Nori art photography


Nori art photography

Inside the Delta Queen pilothouse.


Nori art photography

Layers of communication equipment.


Nori art photography

More equipment.


The Inner Workings of the Delta Queen

Since the Delta Queen is a historic vessel, passengers are invited for a free tour of the pilothouse at scheduled times when the boat is tied up to shore. This is the room at the front of the boat, atop the Sun Deck, which offers the captain panoramic views of the river. The pilothouse once had a nine-foot wooden steering wheel, where three feet were below the floor. Cables connected the wheel through the boat to the rudders behind the paddlewheel. However, in the 1950s, when one of the cables broke and the boat ended up on a sandbar, the Greene family replaced the wheel with modern steering equipment.

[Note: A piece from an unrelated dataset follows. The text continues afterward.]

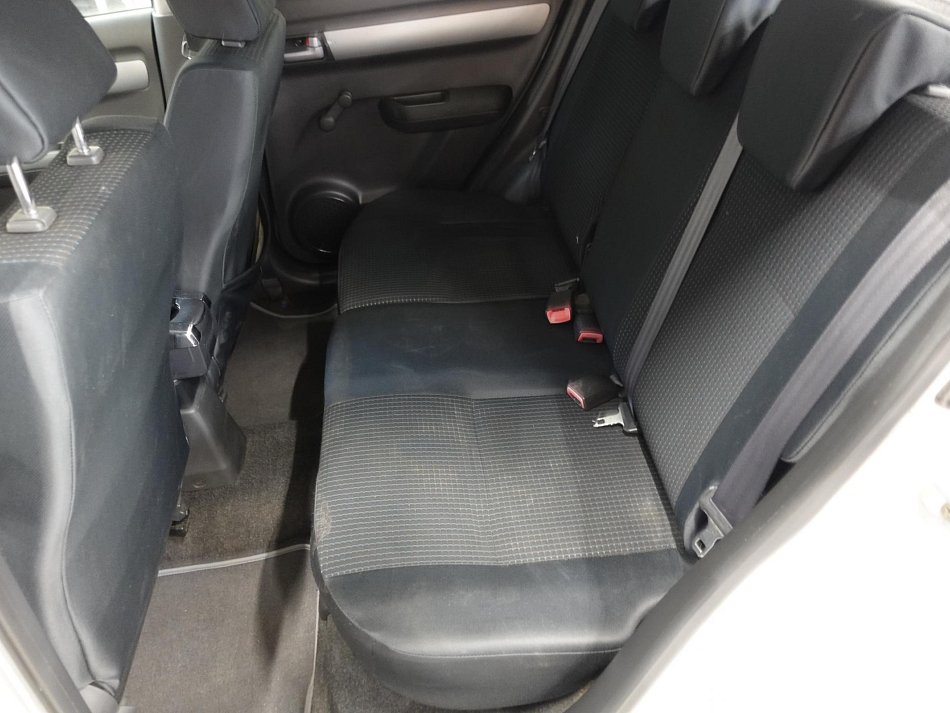 Suzuki Swift 1.3i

The captain navigates, but to use the gears and speed controls, he must communicate with the chief engineer, stationed at the stern. The engineering crew controls the speed and direction of the paddlewheel. When the captain turns his navigation levers in the pilothouse, identical equipment in the engine room registers his commands, and the engineers respond. If that system fails, the captain has about a dozen more options for communication.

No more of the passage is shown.